Gliding wasn’t good enough, people wanted to fly. And so they got sidetracked into attempting to build flapping wings, which given a human’s strength/weight ratio wasn’t going to happen before modern ultralight materials. Even Leonardo Davinci tried to do it that way.

Chinese kites were limited because they worked simply by air drag against the wind, and couldn’t glide if not on a rope.

And the Rogallo Wing a.k.a. hang glider took a surprising amount of modern aerodynamic theory to develop.

Many people, for a long time, looking at birds to figure out flight were looking at the wrong things, the wrong way. Like thinking the feathers were the key (the Icarus story) or the flapping (they were not looking at efficient gliding birds like eagles and storks.) What is needed to make a working glider is an air foil, a structure that generates net vertical force as it travels through the air.
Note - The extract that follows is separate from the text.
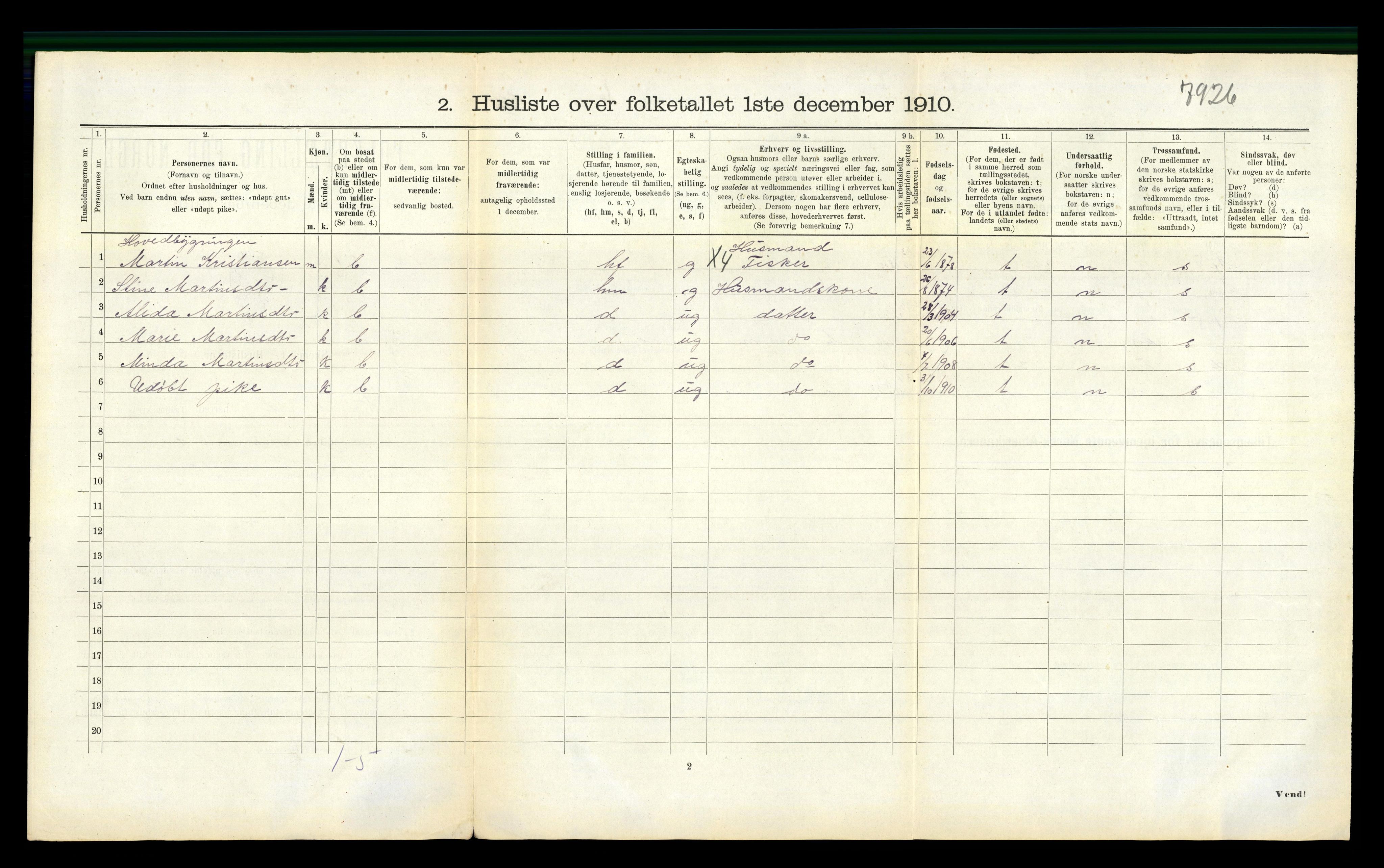 RA, Folketelling 1910 for 1620 Nord-Frøya herred, 1910, s. 707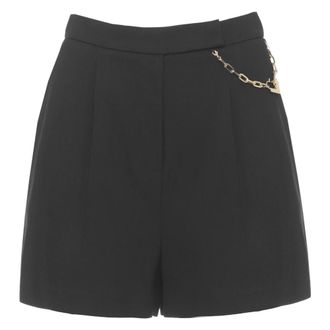 Elisabetta Franchi Shorts in Gabardine Fabric with Jewel Logo - female - Elisabetta Franchi - Casual Shorts - Black - S - Shorts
You can make a lot of gliders that look like birds, but if the wings do not act as airfoils it ain’t going to fly. A few people made gliders that sort of worked, because they stumbled onto a wing shape that provided a bit of lift, but their understanding of what their glider was doing and why was not correct, and they could not / did not learn the correct things from their experience to allow them to improve their glider.

When people started making props for steam powered boats and ships, they noticed some worked better then others. Trying to figure out why and what was the best shape for a prop led to the science of hydrodynamics. People took the discoveries in hydrodynamics and learned variations of the same concepts applied to air flow. One of these people, Otto Lilienthal, used the new aerodynamic principles (and his observations of birds and bats) to build working, reliable hang gliders. Through careful scientific methods he was able to improve the performance of each successive glider he built, and publish his finding so other could improve further.

You definitely do not need a powered vehicle or a catapult to fly a glider. You can launch off a hill - this is done routinely with hang gliders, and occasionally with 3-axis-control gliders.

You can also launch on level ground (with some help from your friends).

You don’t need modern materials - bamboo and silk would do. You don’t need manufacturing - just build one by hand.

What you do need is some non-trivial knowledge of aerodynamics. Gaining this took a good long while, and killed a fair number of experimenters along the way.

Man-powered flight has barely succeeded using sophisticated pedal-propeller arrangements. Flapping-wing flight still looks to be a long way off.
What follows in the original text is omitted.